* [ASSIGNMENT]: Each line below from the line with "Kasdam III/Slw Tinjau" to the line with "Душова колонна зі" must be copied exactly, including those two, and no picture may appear in the copy.

* [TASK INPUTS]:
........
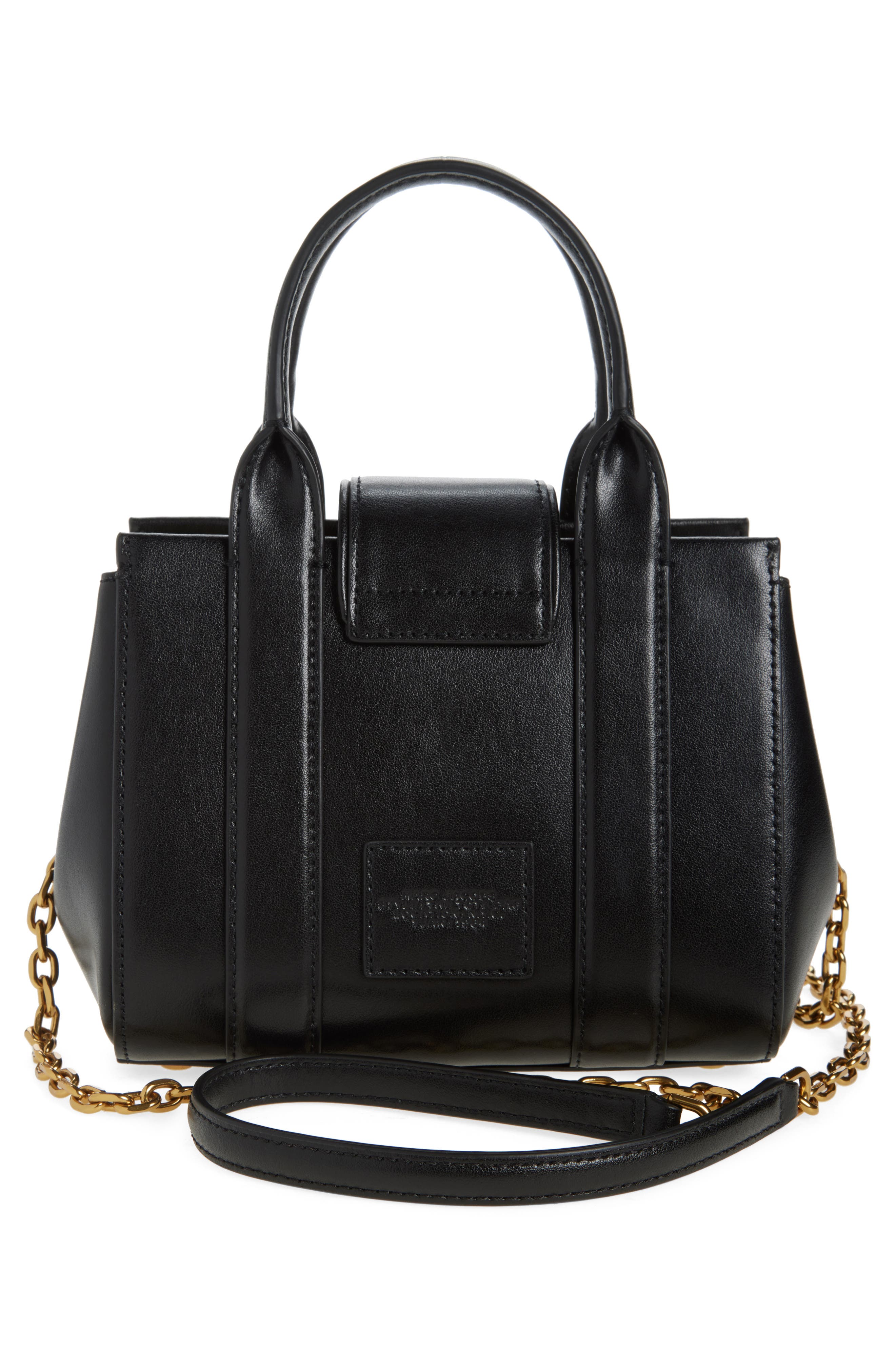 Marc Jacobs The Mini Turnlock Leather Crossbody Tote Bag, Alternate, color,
........
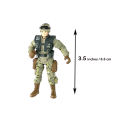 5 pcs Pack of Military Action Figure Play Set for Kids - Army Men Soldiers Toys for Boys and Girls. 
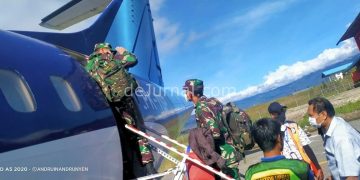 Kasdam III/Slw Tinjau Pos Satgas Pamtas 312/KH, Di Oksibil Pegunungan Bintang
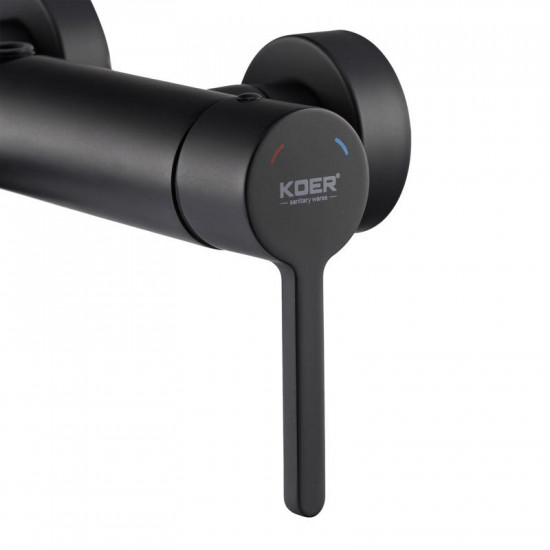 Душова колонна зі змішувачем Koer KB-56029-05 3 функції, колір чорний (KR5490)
........
* [ANSWER TO THIS EXERCISE]:
 Kasdam III/Slw Tinjau Pos Satgas Pamtas 312/KH, Di Oksibil Pegunungan Bintang
 Душова колонна зі змішувачем Koer KB-56029-05 3 функції, колір чорний (KR5490)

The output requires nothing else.